Data excerpt:

---------------

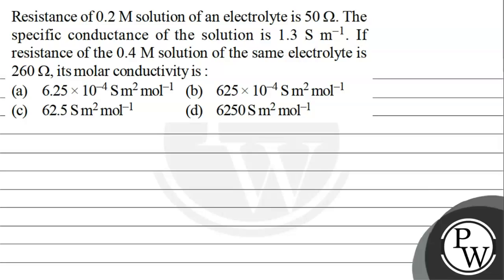The question says resistance of 0.2 molar solution of an electrolyte is 50 ohms. Specific conductance of the solution is 1.3 siemens per meter.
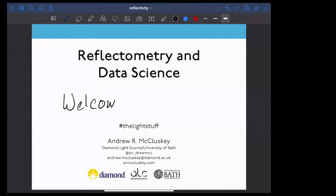Welcome to my webinar about reflectometry. I'm going to tell you a bit about reflectometry and introduce it as a technique, because I understand that not a lot of people know a huge amount about it. Then I'm going to talk about some of the data science aspects that we use in reflectometry analysis.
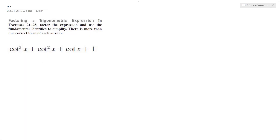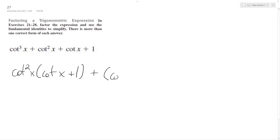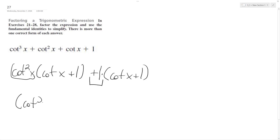We want to solve this and put it in simpler terms. I can use a trick here — I'm going to factor out cotangent squared x and get cotangent x plus 1. Then we'll have a plus cotangent x plus 1, with a 1 on the outside, so I can combine these and get cotangent squared x plus 1, times cotangent x plus 1.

---------------

Exercise goal:
Quote the listing above in full, except for the pictures.

Task output:
The question says resistance of 0.2 molar solution of an electrolyte is 50 ohms. Specific conductance of the solution is 1.3 siemens per meter.
Welcome to my webinar about reflectometry. I'm going to tell you a bit about reflectometry and introduce it as a technique, because I understand that not a lot of people know a huge amount about it. Then I'm going to talk about some of the data science aspects that we use in reflectometry analysis.
We want to solve this and put it in simpler terms. I can use a trick here — I'm going to factor out cotangent squared x and get cotangent x plus 1. Then we'll have a plus cotangent x plus 1, with a 1 on the outside, so I can combine these and get cotangent squared x plus 1, times cotangent x plus 1.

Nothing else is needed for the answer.